Each line at or after the one containing "Вешалка Левада Д4, ольха" should be transcribed exactly, up to and including the final line of the data.
(Records supplied)
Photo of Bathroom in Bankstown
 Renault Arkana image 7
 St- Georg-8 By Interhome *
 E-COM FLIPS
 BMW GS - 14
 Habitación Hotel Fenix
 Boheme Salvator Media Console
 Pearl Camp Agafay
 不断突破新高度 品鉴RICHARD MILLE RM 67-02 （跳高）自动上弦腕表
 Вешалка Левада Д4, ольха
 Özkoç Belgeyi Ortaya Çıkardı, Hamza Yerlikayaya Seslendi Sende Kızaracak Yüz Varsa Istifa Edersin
(End Records supplied)
Final answer:
 Вешалка Левада Д4, ольха
 Özkoç Belgeyi Ortaya Çıkardı, Hamza Yerlikayaya Seslendi Sende Kızaracak Yüz Varsa Istifa Edersin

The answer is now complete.